■ **Task brief**
Repeat the data below exactly, dropping any pictures it holds.

■ **Recorded data**

┌────────

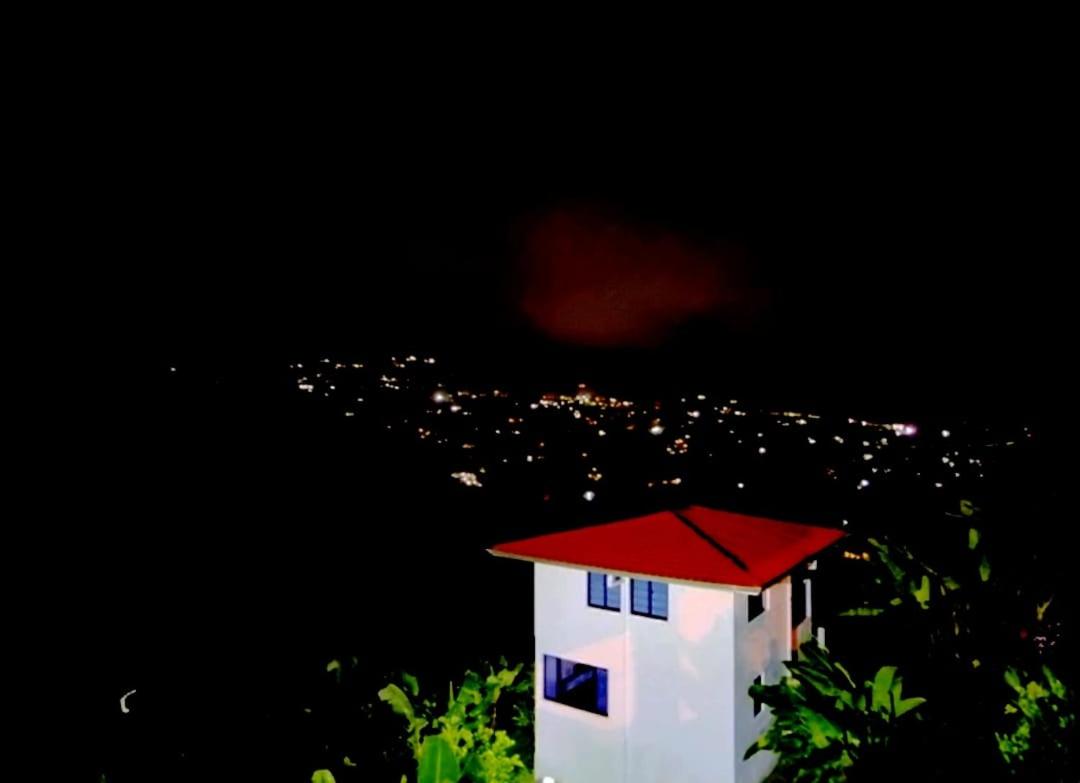 Cabaña cafetera con hermosa vista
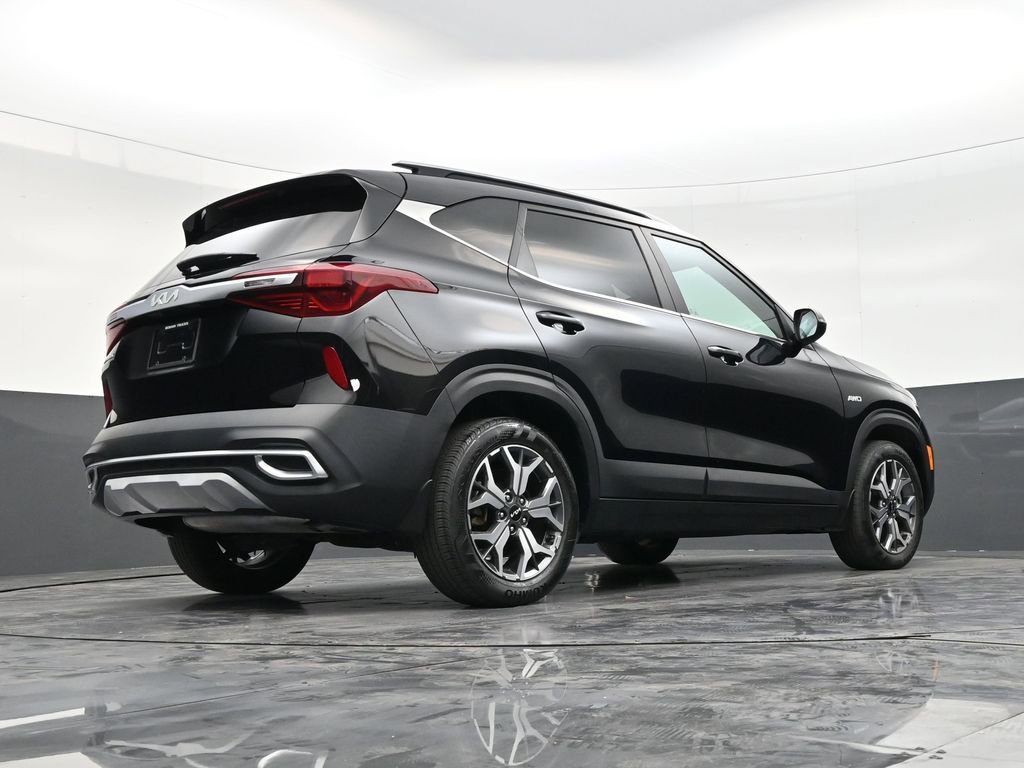 Used 2023 Kia Seltos EX image 25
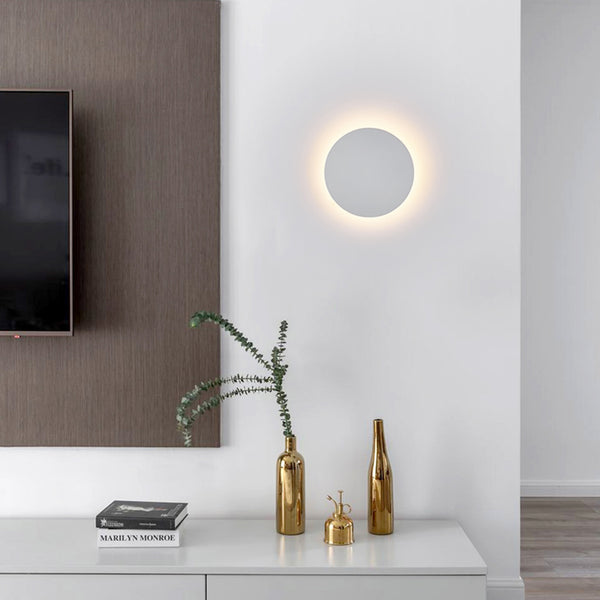 Bondi LED Wall Light 9W, 6W in Black or White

└────────

■ **Solution to the problem**
 Cabaña cafetera con hermosa vista
 Used 2023 Kia Seltos EX image 25
 Bondi LED Wall Light 9W, 6W in Black or White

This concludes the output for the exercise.